- Work to be completed:
Print, from the listing below, the lines starting at the line containing "Hearth & Harbor" and ending at the line containing "Eucalyptus A-Line Square", exactly as they stand, and print nothing else.

- Data to examine:
_ _ _ _ _ _ _

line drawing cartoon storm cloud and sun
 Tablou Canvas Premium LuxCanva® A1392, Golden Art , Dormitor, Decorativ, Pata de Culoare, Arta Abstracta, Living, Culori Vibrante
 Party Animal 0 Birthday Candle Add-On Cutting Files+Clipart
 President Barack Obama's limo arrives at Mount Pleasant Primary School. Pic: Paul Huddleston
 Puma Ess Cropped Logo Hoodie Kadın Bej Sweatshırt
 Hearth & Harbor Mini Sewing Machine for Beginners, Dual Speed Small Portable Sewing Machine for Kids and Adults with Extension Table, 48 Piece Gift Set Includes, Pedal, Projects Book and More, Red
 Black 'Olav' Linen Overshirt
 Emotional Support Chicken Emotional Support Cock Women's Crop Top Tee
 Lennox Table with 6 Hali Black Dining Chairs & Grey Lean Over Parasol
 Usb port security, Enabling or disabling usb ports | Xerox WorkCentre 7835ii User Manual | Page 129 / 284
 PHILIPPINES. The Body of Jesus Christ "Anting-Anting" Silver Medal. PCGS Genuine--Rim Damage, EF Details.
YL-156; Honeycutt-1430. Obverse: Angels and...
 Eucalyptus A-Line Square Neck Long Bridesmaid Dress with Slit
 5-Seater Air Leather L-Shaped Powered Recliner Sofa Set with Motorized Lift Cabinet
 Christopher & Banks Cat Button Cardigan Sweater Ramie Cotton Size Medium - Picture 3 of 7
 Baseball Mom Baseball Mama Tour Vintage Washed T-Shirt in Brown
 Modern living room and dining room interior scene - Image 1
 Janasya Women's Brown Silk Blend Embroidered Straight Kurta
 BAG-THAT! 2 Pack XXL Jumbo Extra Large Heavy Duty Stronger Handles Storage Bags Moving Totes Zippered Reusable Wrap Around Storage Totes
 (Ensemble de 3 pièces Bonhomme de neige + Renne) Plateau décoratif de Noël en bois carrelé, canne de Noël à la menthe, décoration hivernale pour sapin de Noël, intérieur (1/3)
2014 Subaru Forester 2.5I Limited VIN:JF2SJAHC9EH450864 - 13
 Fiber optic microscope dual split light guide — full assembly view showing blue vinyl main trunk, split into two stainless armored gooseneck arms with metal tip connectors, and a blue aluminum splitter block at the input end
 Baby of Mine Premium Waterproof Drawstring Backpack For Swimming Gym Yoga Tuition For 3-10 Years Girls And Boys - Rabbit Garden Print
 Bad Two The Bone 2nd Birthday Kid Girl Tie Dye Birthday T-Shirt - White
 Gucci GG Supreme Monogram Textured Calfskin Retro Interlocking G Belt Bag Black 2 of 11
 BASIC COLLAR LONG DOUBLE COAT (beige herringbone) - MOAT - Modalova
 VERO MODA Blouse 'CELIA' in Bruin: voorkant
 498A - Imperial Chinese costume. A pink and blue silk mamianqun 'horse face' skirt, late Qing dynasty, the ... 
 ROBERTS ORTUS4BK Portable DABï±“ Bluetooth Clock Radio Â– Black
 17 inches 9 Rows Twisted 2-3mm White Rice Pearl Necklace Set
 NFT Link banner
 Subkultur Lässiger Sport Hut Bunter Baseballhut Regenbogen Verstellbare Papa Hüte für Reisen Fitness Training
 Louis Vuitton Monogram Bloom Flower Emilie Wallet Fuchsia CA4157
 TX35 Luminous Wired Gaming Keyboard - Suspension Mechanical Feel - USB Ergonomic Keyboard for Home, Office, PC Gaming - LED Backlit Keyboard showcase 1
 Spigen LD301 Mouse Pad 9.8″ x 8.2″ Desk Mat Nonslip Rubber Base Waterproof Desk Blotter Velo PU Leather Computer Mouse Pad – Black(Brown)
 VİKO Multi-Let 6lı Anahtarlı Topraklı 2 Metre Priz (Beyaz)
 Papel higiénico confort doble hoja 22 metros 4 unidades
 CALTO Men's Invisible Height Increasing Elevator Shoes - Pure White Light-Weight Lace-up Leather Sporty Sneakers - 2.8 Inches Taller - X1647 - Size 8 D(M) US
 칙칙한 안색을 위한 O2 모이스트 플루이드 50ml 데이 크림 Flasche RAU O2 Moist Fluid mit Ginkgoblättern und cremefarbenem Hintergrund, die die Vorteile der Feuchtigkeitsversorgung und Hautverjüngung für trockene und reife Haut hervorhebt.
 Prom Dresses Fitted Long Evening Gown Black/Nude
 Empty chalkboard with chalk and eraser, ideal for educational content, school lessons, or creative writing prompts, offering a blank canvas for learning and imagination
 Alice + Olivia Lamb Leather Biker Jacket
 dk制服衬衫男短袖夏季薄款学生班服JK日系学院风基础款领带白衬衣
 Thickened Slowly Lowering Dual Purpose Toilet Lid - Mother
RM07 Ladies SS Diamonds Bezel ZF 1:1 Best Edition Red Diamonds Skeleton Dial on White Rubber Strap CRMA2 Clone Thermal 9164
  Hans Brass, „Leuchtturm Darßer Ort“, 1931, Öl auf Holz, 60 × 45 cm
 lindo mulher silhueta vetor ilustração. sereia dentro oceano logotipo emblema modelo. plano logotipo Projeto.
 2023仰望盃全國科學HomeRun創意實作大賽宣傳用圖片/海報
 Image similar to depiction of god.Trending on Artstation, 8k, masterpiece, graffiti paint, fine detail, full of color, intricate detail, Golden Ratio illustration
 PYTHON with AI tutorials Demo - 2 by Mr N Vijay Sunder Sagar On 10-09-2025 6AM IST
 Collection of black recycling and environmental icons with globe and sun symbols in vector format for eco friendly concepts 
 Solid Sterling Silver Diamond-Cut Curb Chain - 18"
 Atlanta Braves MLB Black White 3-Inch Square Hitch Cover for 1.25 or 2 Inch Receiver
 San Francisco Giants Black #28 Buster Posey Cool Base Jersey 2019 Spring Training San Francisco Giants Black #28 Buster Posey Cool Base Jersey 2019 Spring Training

_ _ _ _ _ _ _

- Expected answer:
 Hearth & Harbor Mini Sewing Machine for Beginners, Dual Speed Small Portable Sewing Machine for Kids and Adults with Extension Table, 48 Piece Gift Set Includes, Pedal, Projects Book and More, Red
 Black 'Olav' Linen Overshirt
 Emotional Support Chicken Emotional Support Cock Women's Crop Top Tee
 Lennox Table with 6 Hali Black Dining Chairs & Grey Lean Over Parasol
 Usb port security, Enabling or disabling usb ports | Xerox WorkCentre 7835ii User Manual | Page 129 / 284
 PHILIPPINES. The Body of Jesus Christ "Anting-Anting" Silver Medal. PCGS Genuine--Rim Damage, EF Details.
YL-156; Honeycutt-1430. Obverse: Angels and...
 Eucalyptus A-Line Square Neck Long Bridesmaid Dress with Slit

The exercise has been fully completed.